I am unsure of what you mean by proper use of sex. It sounds like you are against gays with a statement like that.
Most people who are pro-life, are pro-war, pro-death penalty, anti-helping the poor, in other words, once you are born they don't care about you anymore. So it's nice to see you are more pro-life in all ways. Sounds like you as the individual are more moderate. But the church itself isn't. They take very hard conservative stances, anti-gay, anti-abortion, anti-birth control, etc.

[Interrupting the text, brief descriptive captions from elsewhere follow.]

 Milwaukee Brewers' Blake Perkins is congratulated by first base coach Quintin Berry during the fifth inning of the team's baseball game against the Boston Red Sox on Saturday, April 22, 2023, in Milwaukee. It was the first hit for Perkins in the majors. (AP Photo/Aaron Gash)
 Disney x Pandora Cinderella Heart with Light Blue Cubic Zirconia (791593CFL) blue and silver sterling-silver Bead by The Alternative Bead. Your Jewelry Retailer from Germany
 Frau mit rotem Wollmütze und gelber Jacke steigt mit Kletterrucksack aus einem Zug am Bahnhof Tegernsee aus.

Fortunately we are moving towards a secular society where churches will lose their power to enforce their morality on the rest of us. Or should I say immoral behavior on their part. I don't believe the church is a moral institution. Individuals are different. While there is some immoral sexual behavior, I don't believe that most is. What I would hope for is not restrained sex, but responsible sex. Using birth control, condoms, mutual agreement, taking no for an answer. The normal christian belief that sex is something inside only a marriage is unacceptable to me.
I become angry about comments like this. I am old enough (75) to remember when abortion was supposed to be illegal. It never really was. I grew up in a poor neighborhood. I never heard of any abortions there. It was different when I moved up a bit. Abortions were discussed - not in terms of morality or legality but rather in terms of safety and money. Moreover, there was no education, information, or birth control available.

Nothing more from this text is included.